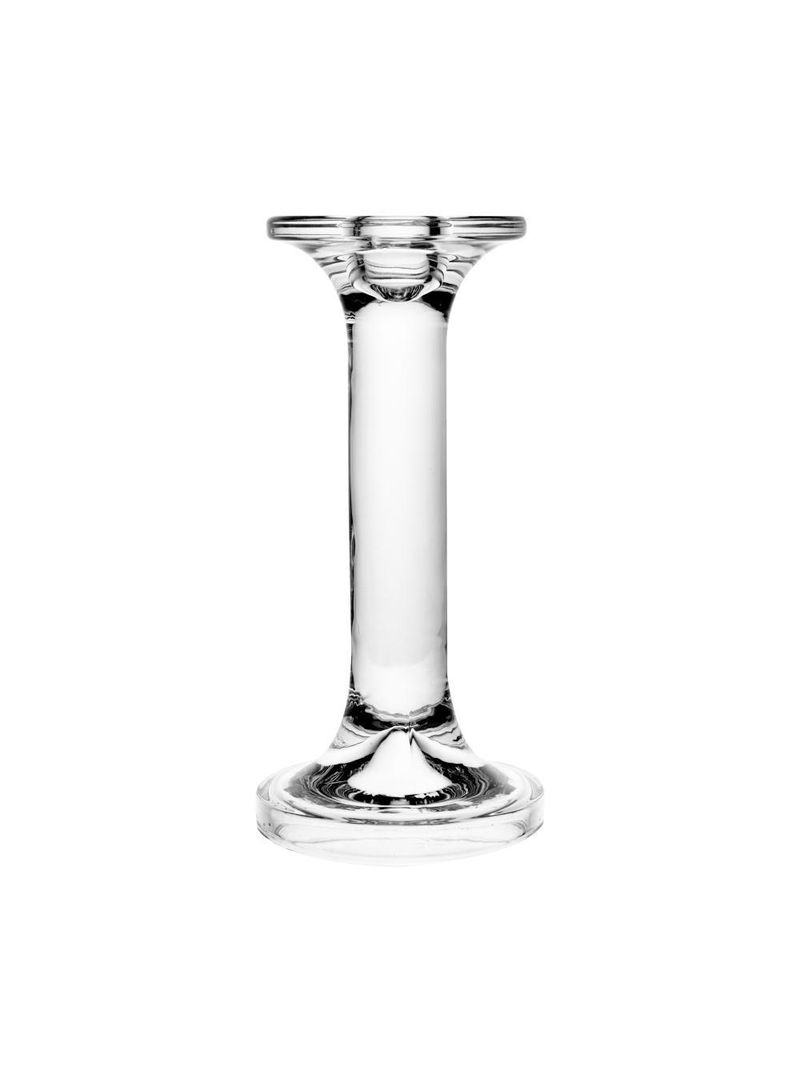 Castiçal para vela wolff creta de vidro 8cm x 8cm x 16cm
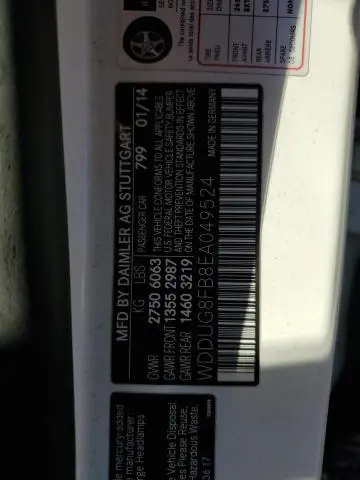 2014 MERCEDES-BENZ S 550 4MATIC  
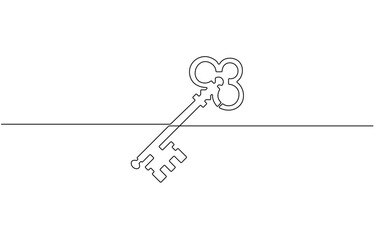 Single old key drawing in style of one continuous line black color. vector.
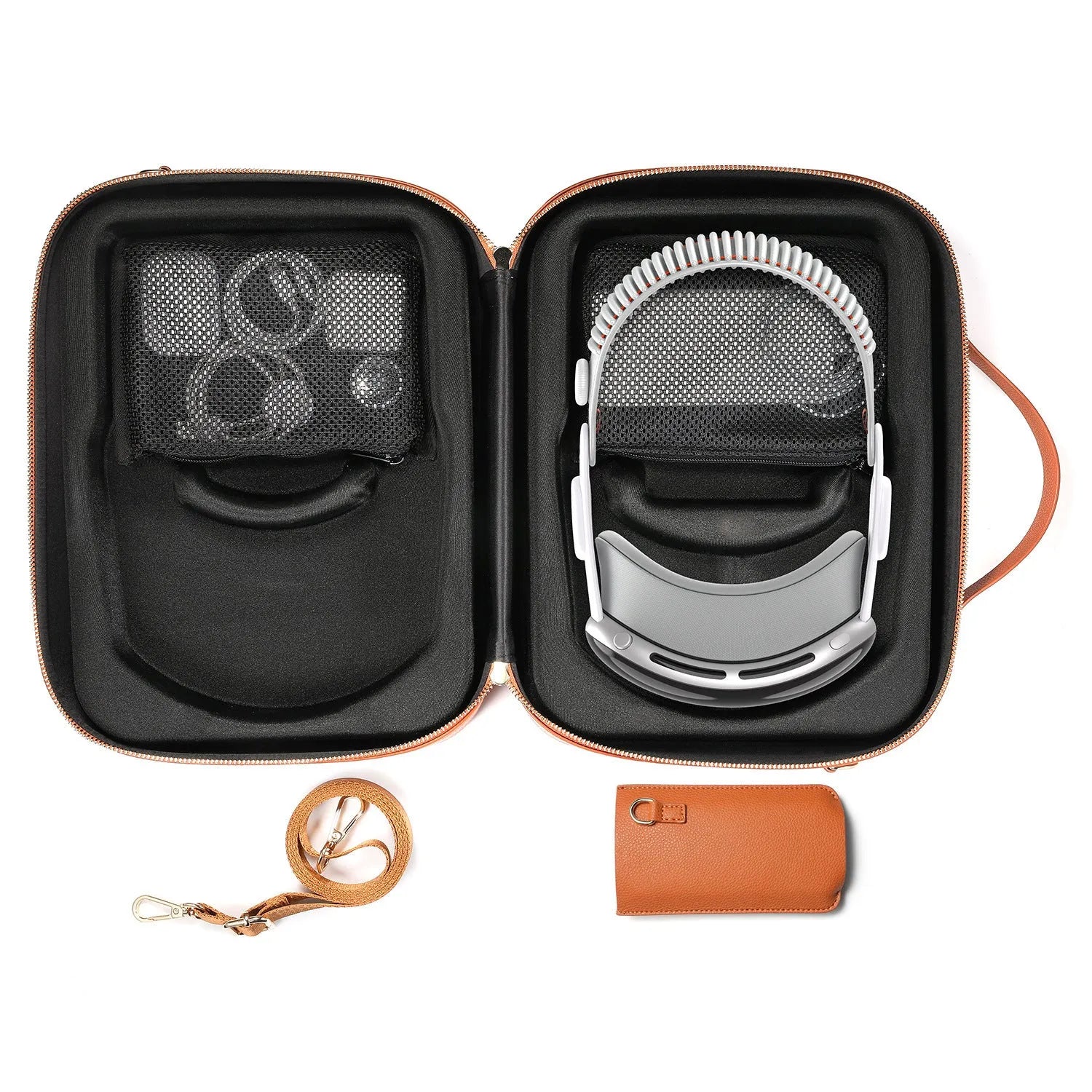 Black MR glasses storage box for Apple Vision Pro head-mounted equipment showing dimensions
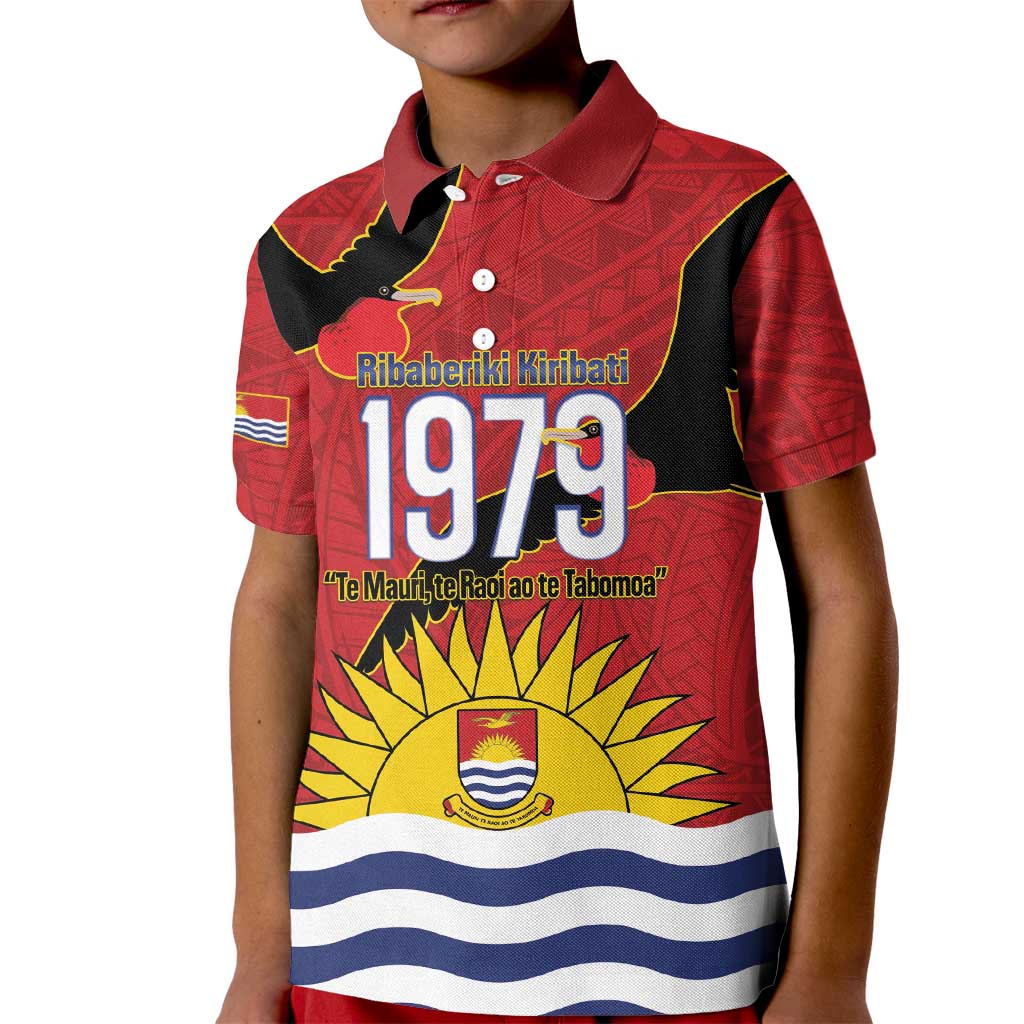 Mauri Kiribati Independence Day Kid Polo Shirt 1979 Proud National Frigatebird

————————

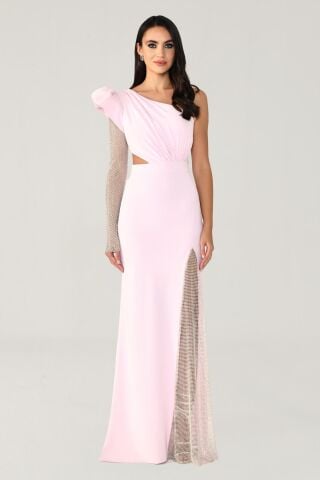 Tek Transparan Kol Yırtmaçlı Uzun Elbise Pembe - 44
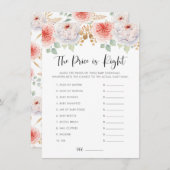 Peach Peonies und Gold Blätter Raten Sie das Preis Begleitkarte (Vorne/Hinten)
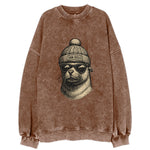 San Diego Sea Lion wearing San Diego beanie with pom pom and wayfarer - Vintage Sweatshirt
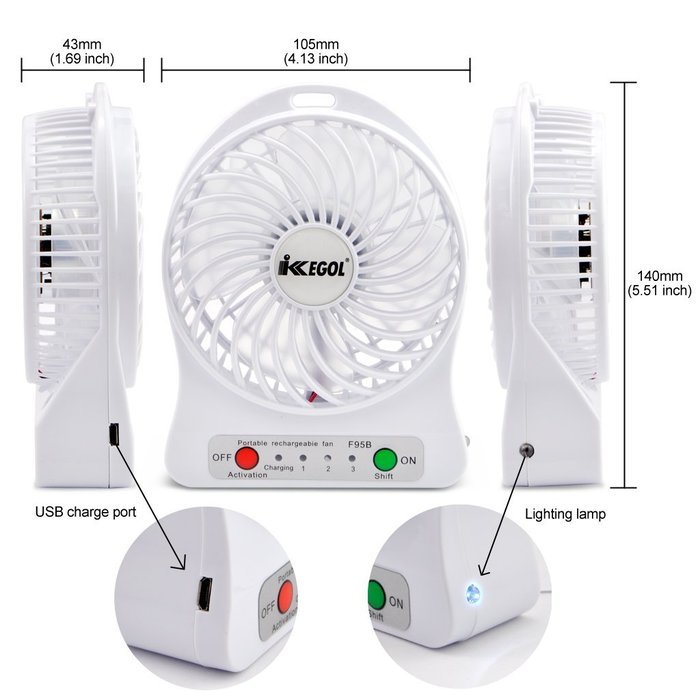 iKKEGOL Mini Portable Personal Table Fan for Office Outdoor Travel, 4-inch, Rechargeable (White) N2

————————

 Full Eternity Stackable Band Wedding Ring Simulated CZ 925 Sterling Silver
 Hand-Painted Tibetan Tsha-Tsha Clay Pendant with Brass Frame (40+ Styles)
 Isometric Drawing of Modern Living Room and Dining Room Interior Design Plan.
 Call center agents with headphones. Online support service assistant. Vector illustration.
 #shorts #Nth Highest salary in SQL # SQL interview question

————————

- _THE PROBLEM_
Using the entries above, transcribe exactly from the line that has "Tek Transparan Kol" through the line that has "iKKEGOL Mini Portable". Pictures are dropped.

- _YOUR SOLUTION_
 Tek Transparan Kol Yırtmaçlı Uzun Elbise Pembe - 44
 Peach Peonies und Gold Blätter Raten Sie das Preis Begleitkarte (Vorne/Hinten)
 San Diego Sea Lion wearing San Diego beanie with pom pom and wayfarer - Vintage Sweatshirt
 iKKEGOL Mini Portable Personal Table Fan for Office Outdoor Travel, 4-inch, Rechargeable (White) N2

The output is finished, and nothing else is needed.